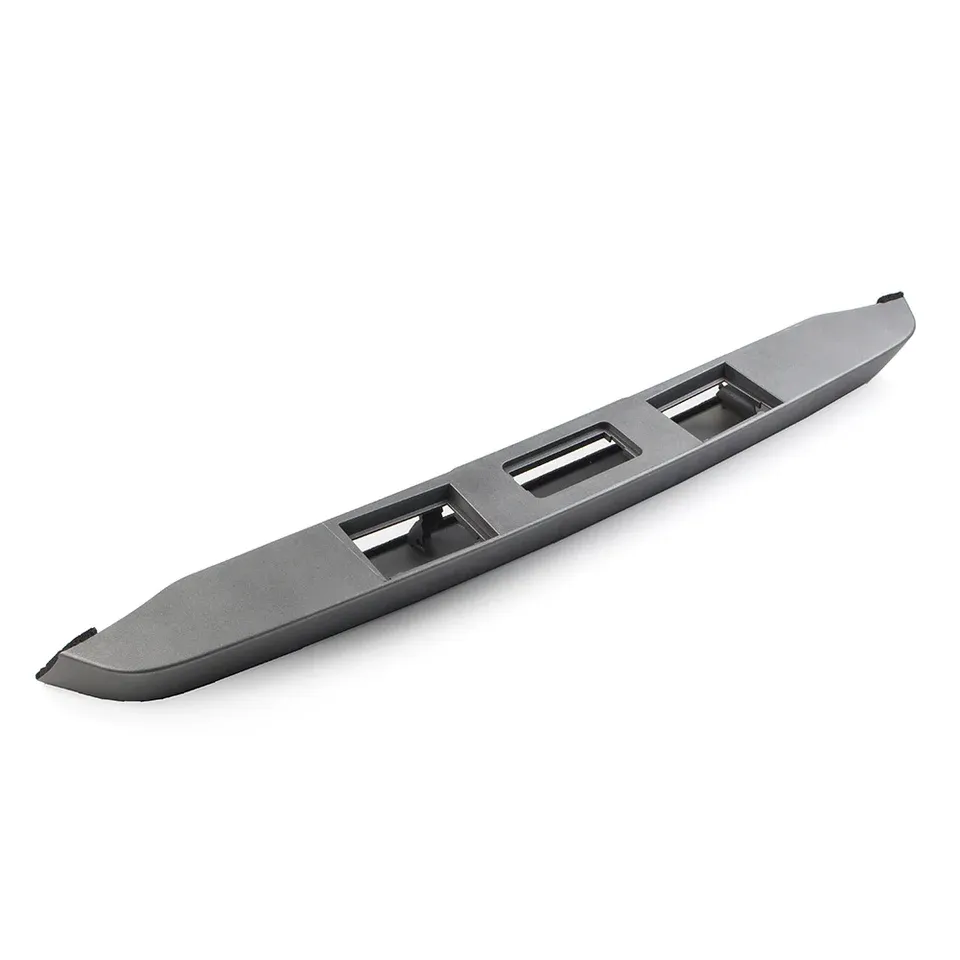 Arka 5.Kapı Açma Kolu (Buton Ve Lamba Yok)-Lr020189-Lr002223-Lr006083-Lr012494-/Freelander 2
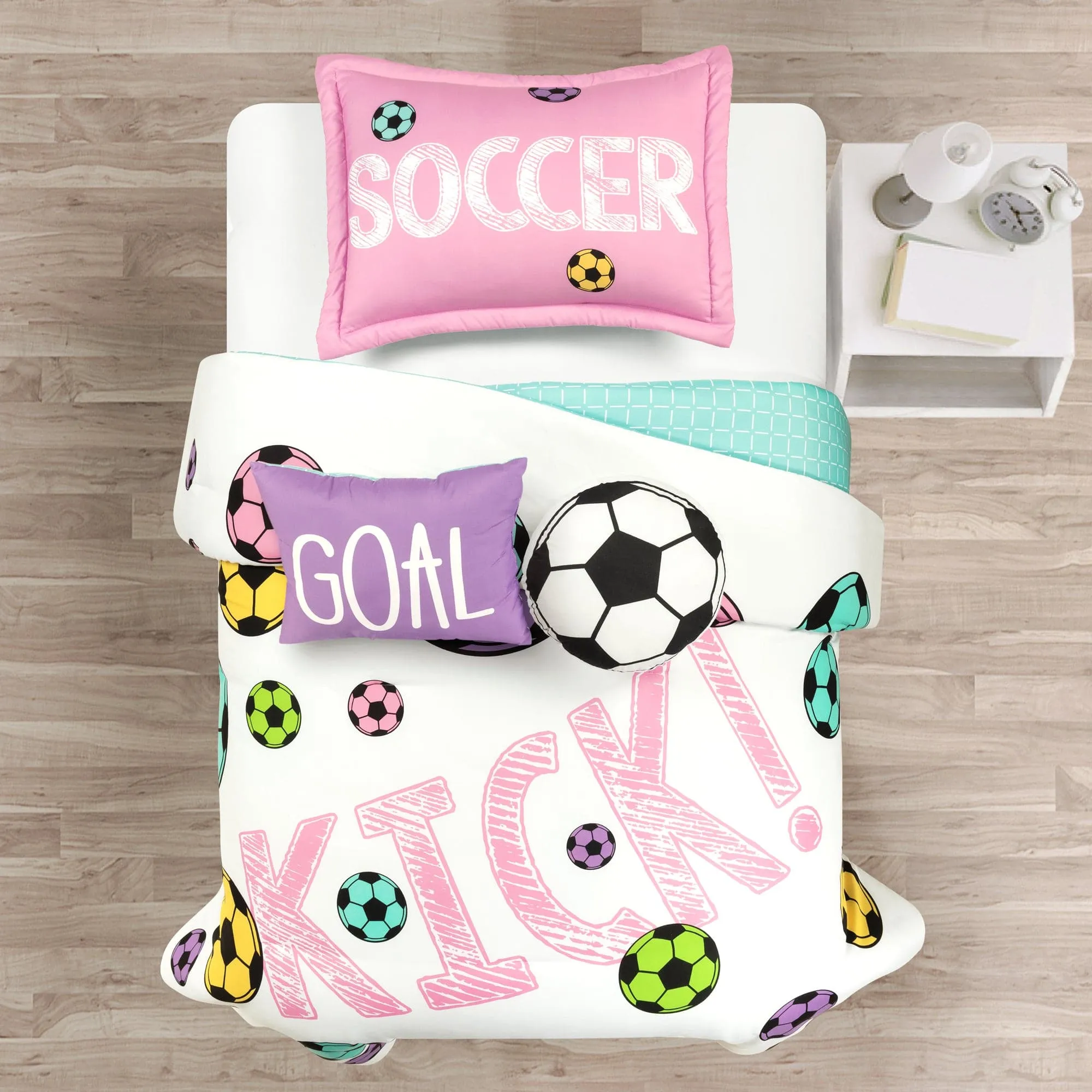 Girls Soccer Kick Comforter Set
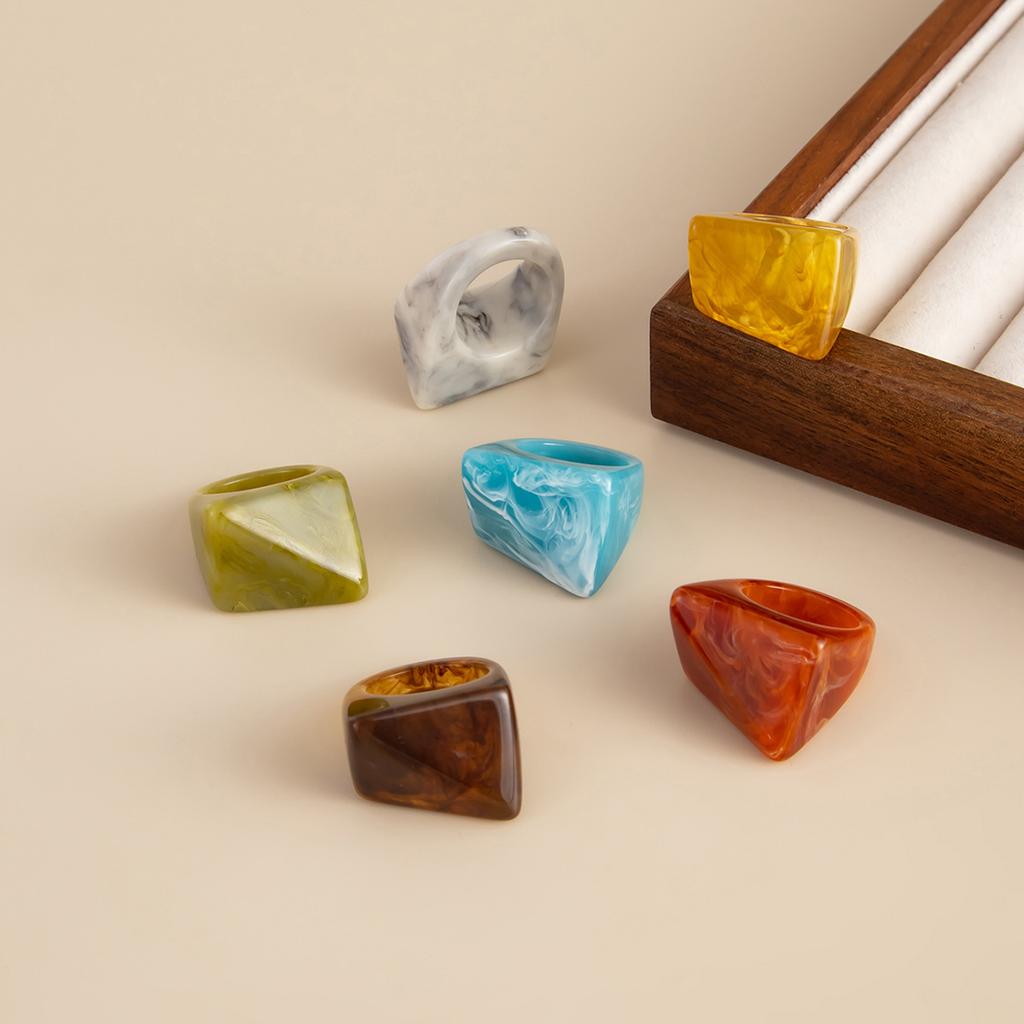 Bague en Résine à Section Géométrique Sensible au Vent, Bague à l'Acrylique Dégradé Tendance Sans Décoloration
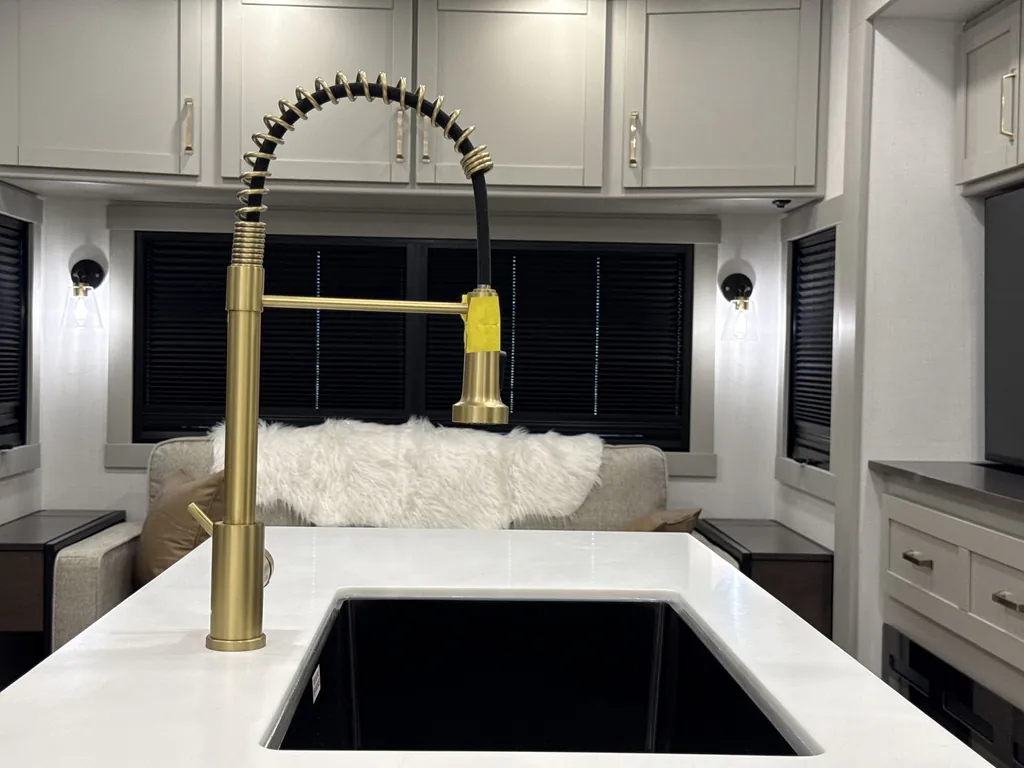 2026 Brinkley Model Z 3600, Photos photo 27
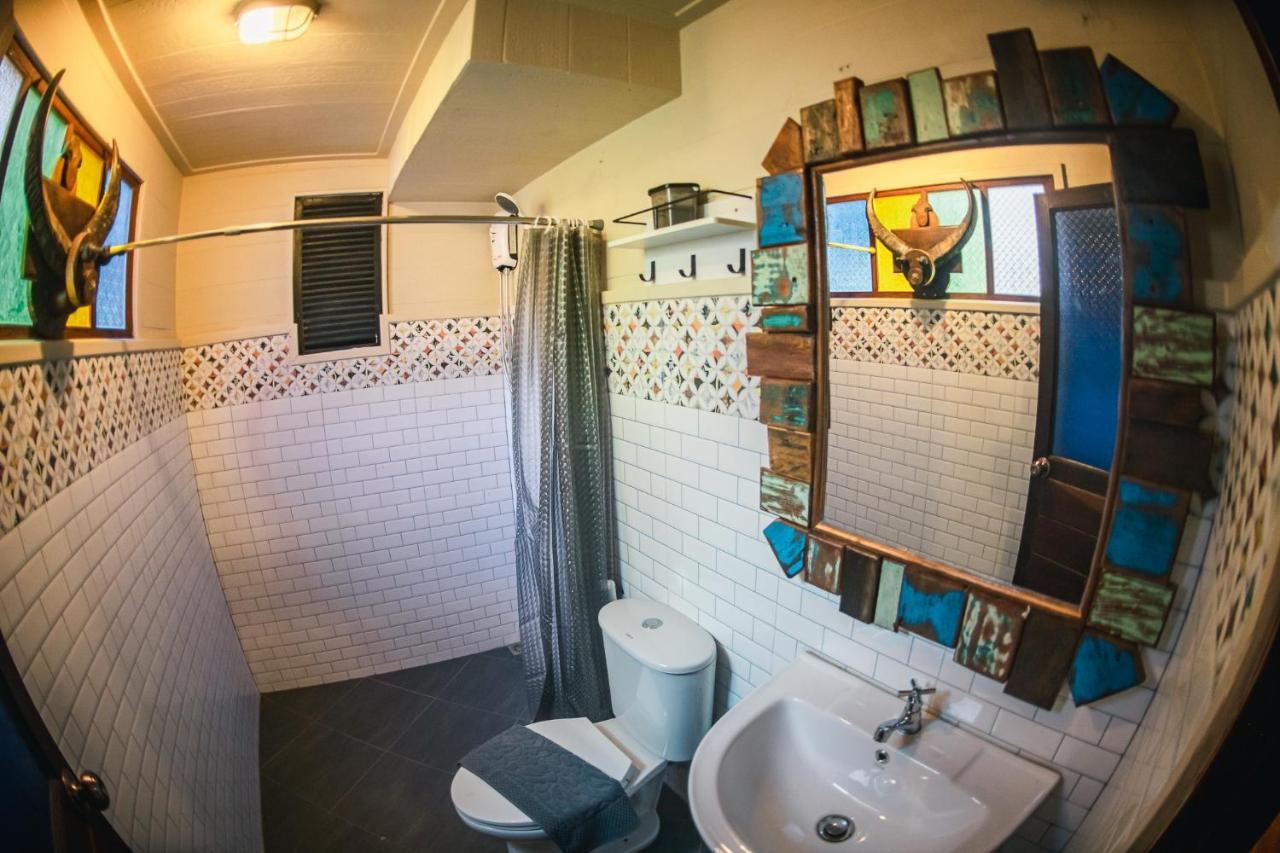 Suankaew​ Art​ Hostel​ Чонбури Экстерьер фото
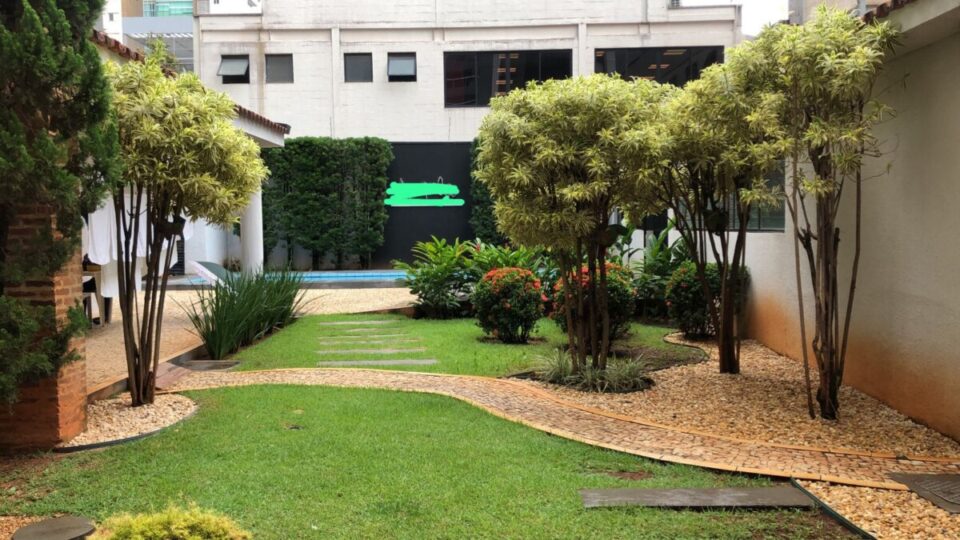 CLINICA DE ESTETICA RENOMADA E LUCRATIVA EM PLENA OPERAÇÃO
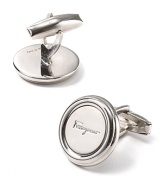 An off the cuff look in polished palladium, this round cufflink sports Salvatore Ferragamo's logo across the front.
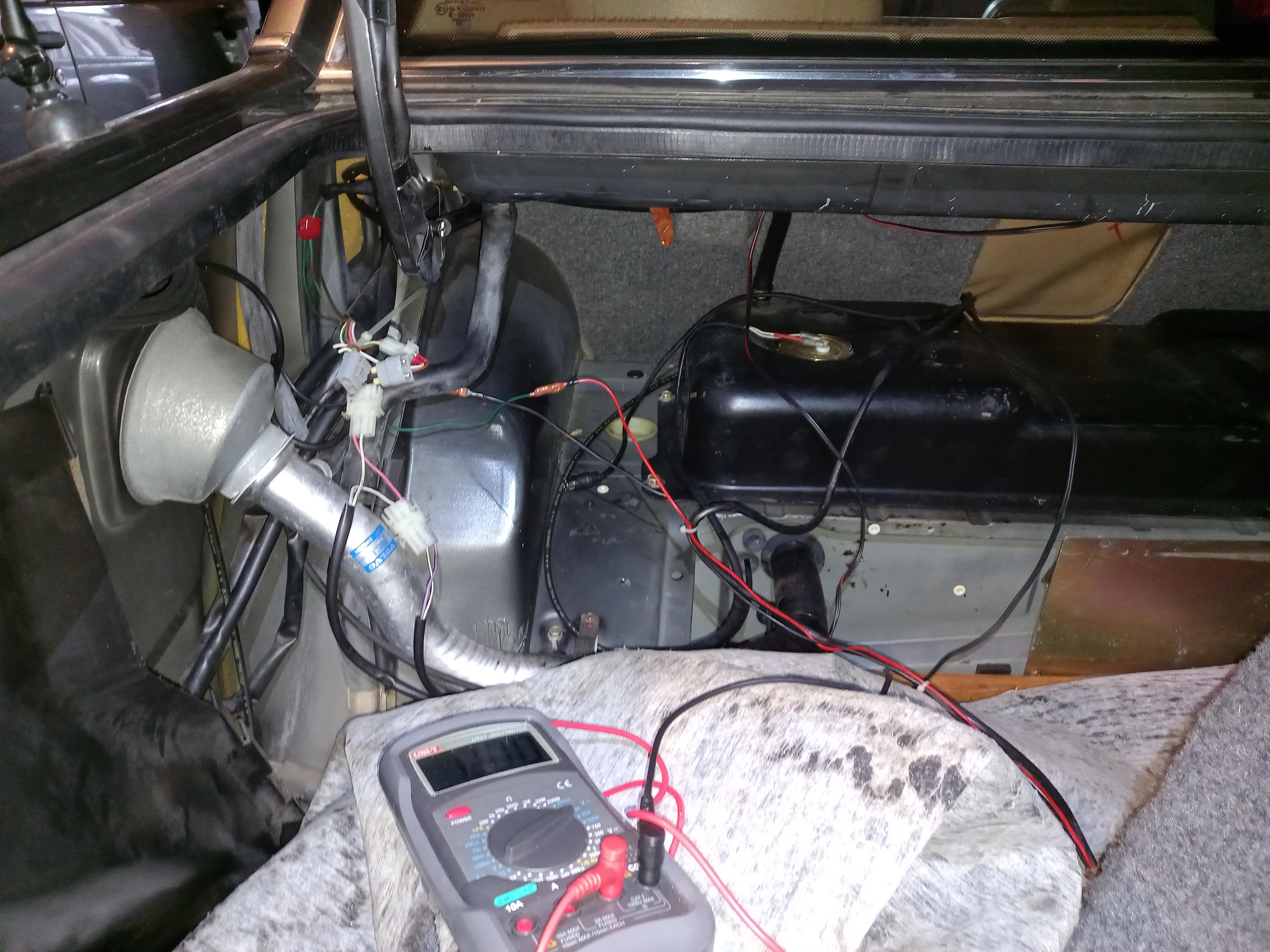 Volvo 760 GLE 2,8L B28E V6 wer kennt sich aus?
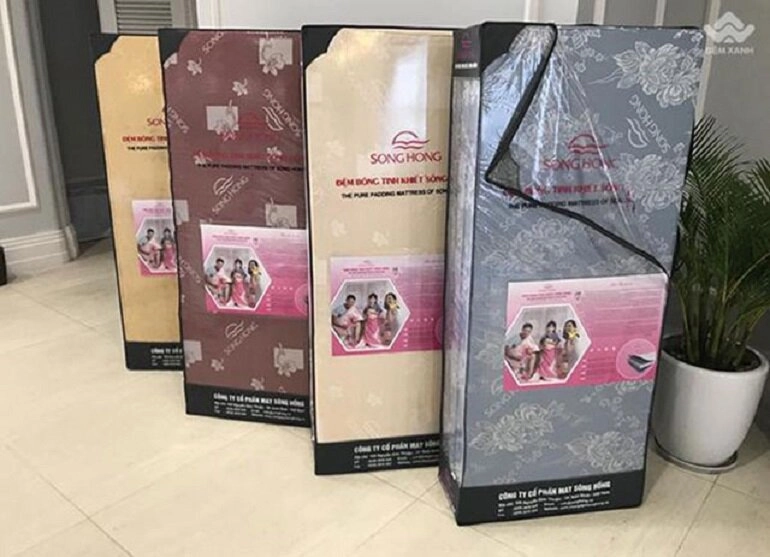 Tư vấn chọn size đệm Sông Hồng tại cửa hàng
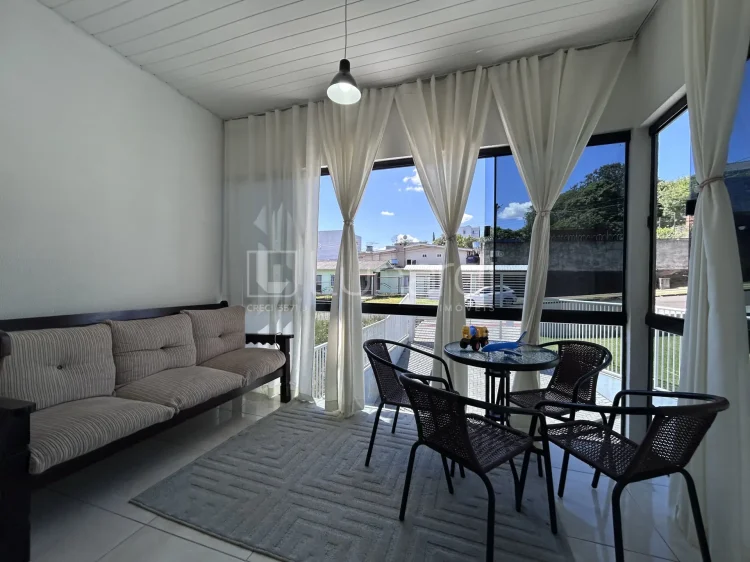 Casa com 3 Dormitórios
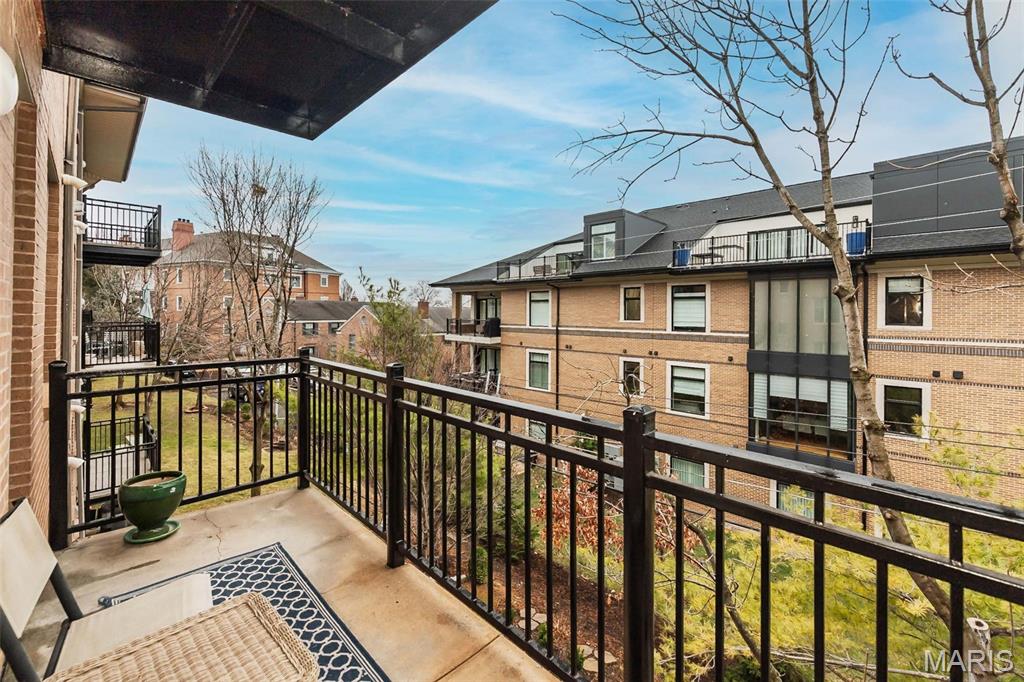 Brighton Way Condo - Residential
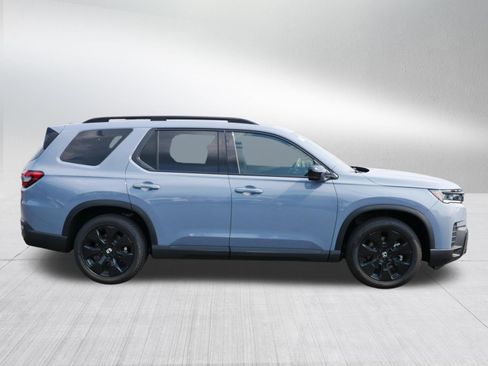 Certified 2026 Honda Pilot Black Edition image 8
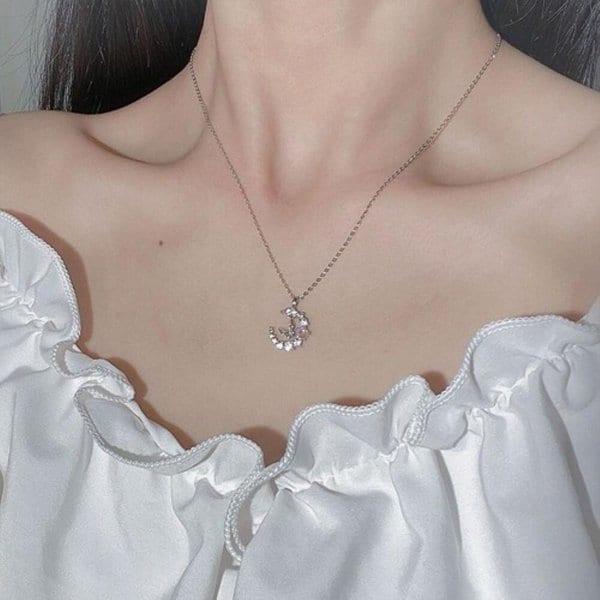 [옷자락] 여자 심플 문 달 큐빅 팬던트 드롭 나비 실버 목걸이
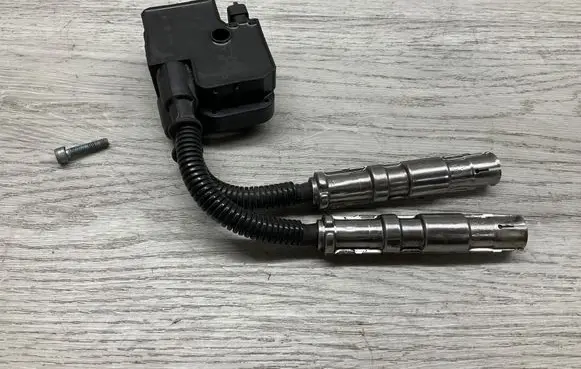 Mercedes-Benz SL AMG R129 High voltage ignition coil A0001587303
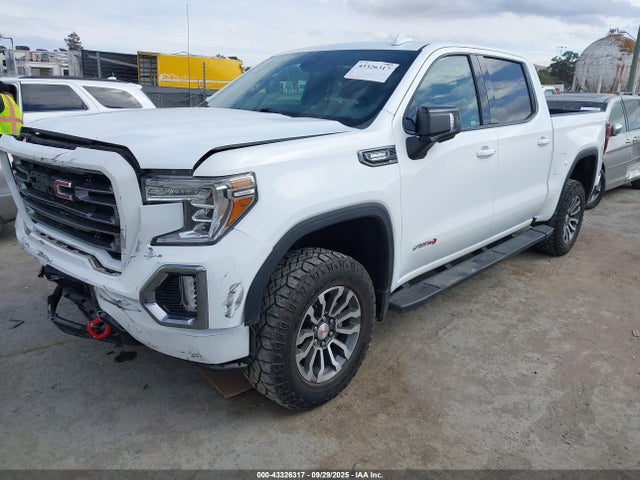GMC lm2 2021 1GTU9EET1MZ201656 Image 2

.....

▶ [Problem requirements]: The lines running from the one with "Casa com 3 Dormitórios" to the close of the material above are to be retyped exactly; no picture is to be included.

▶ [Final answer]:
 Casa com 3 Dormitórios
 Brighton Way Condo - Residential
 Certified 2026 Honda Pilot Black Edition image 8
 [옷자락] 여자 심플 문 달 큐빅 팬던트 드롭 나비 실버 목걸이
 Mercedes-Benz SL AMG R129 High voltage ignition coil A0001587303
GMC lm2 2021 1GTU9EET1MZ201656 Image 2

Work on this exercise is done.